Terms of service

  1. Agreement

    1. Definitions

    2. In this Agreement:
      1. "Access Credentials" means the usernames, passwords and other credentials enabling access to the Hosted Services, including both access credentials for the User Interface and access credentials for the API;
      2. "Agreement" means this agreement including any Schedules, and any amendments to this Agreement from time to time;
      3. "API" means the application programming interface for the Hosted Services defined by the Provider and made available by the Provider to the Customer;
      4. "Charges" means the following amounts:
        1. the amounts specified in Section 2 of Schedule 1 (Hosted Services particulars);
      5. "Data Protection Laws" means all applicable laws relating to the processing of Personal Data;
      6. "Documentation" means the documentation for the Hosted Services produced by the Provider and delivered or made available by the Provider to the Customer;
      7. "Effective Date" means the date of execution of this Agreement;
      8. "Force Majeure Event" means an event, or a series of related events, that is outside the reasonable control of the party affected (including failures of the internet or any public telecommunications network, hacker attacks, denial of service attacks, virus or other malicious software attacks or infections, power failures, industrial disputes affecting any third party, changes to the law, disasters, explosions, fires, floods, riots, terrorist attacks and wars);
      9. "Hosted Services" means subzero.cloud, as specified in the Hosted Services Specification, which will be made available by the Provider to the Customer as a service via the internet in accordance with this Agreement;
      10. "Hosted Services Specification" means the specification for the Platform and Hosted Services set out in Section 1 of Schedule 1 (Hosted Services particulars) and in the Documentation;
      11. "Intellectual Property Rights" means all intellectual property rights wherever in the world, whether registrable or unregistrable, registered or unregistered, including any application or right of application for such rights (and these "intellectual property rights" include copyright and related rights, database rights, confidential information, trade secrets, know-how, business names, trade names, trade marks, service marks, passing off rights, unfair competition rights, patents, petty patents, utility models, semi-conductor topography rights and rights in designs);
      12. "Personal Data" has the meaning given to it in the Data Protection Laws;
      13. "Platform" means the platform managed by the Provider and used by the Provider to provide the Hosted Services, including the application and database software for the Hosted Services, the system and server software used to provide the Hosted Services, and the computer hardware on which that application, database, system and server software is installed;
      14. "Schedule" means any schedule attached to the main body of this Agreement;
      15. "Services" means any services that the Provider provides to the Customer, or has an obligation to provide to the Customer, under this Agreement;
      16. "Term" means the term of this Agreement, commencing in accordance with Clause 3.1 and ending in accordance with Clause 3.2; and
      17. "User Interface" means the interface for the Hosted Services designed to allow individual human users to access and use the Hosted Services.
    1. Credit

    2. This document was created using a template from Docular (https://docular.net).
    3. You must retain the above credit.
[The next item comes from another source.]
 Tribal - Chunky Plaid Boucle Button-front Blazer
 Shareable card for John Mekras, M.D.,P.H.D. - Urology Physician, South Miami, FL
Use of this document without the credit is an infringement of copyright. However, you can purchase from us an equivalent document that does not include the credit.
    1. Term

    2. This Agreement shall come into force upon the Effective Date.
    3. This Agreement shall continue in force indefinitely, subject to termination in accordance with Clause 13 or any other provision of this Agreement.
    1. Hosted Services

    2. The Provider shall provide, or shall ensure that the Platform will provide, to the Customer upon the Effective Date the Access Credentials necessary to enable the Customer to access and use the Hosted Services.
    3. The Provider hereby grants to the Customer a worldwide, non-exclusive licence to use the Hosted Services by means of the User Interface and the API in accordance with the Documentation during the Term.
    4. Except to the extent expressly permitted in this Agreement or required by law on a non-excludable basis, the licence granted by the Provider to the Customer under Clause 4.2 is subject to the following prohibitions:
      1. the Customer must not sub-license its right to access and use the Hosted Services;
      2. the Customer must not make any alteration to the Platform, except as permitted by the Documentation; and
      3. the Customer must not conduct or request that any other person conduct any load testing or penetration testing on the Platform or Hosted Services without the prior written consent of the Provider.
    5. The Customer shall implement and maintain reasonable security measures relating to the Access Credentials to ensure that no unauthorised person or application may gain access to the Hosted Services by means of the Access Credentials.
    6. The Provider shall use all reasonable endeavours to maintain the availability of the Hosted Services to the Customer at the gateway between the public internet and the network of the hosting services provider for the Hosted Services, but does not guarantee 100% availability.
    7. For the avoidance of doubt, downtime caused directly or indirectly by any of the following shall not be considered a breach of this Agreement:
      1. a Force Majeure Event;
      2. a fault or failure of the internet or any public telecommunications network;
      3. a fault or failure of the Customer's computer systems or networks;
      4. any breach by the Customer of this Agreement; or
      5. scheduled maintenance carried out in accordance with this Agreement.
    8. The Customer must not use the Hosted Services:
      1. in any way that is unlawful, illegal, fraudulent or harmful; or
      2. in connection with any unlawful, illegal, fraudulent or harmful purpose or activity.
    9. For the avoidance of doubt, the Customer has no right to access the software code (including object code, intermediate code and source code) of the Platform, either during or after the Term.
    10. The Provider may suspend the provision of the Hosted Services if any amount due to be paid by the Customer to the Provider under this Agreement is overdue, and the Provider has given to the Customer at least 30 days' written notice, following the amount becoming overdue, of its intention to suspend the Hosted Services on this basis.
    1. Scheduled maintenance

    2. The Provider may from time to time suspend the Hosted Services for the purposes of scheduled maintenance to the Platform.
    1. No assignment of Intellectual Property Rights

    2. Nothing in this Agreement shall operate to assign or transfer any Intellectual Property Rights from the Provider to the Customer, or from the Customer to the Provider.
    1. Charges

    2. The Customer shall pay the Charges to the Provider in accordance with this Agreement.
    3. All amounts stated in or in relation to this Agreement are, unless the context requires otherwise, stated inclusive of any applicable value added taxes.
    4. The Provider may elect to vary any element of the Charges by giving to the Customer not less than 30 days' written notice of the variation
    1. Payments

    2. The Provider shall issue invoices for the Charges to the Customer in advance of the period to which they relate.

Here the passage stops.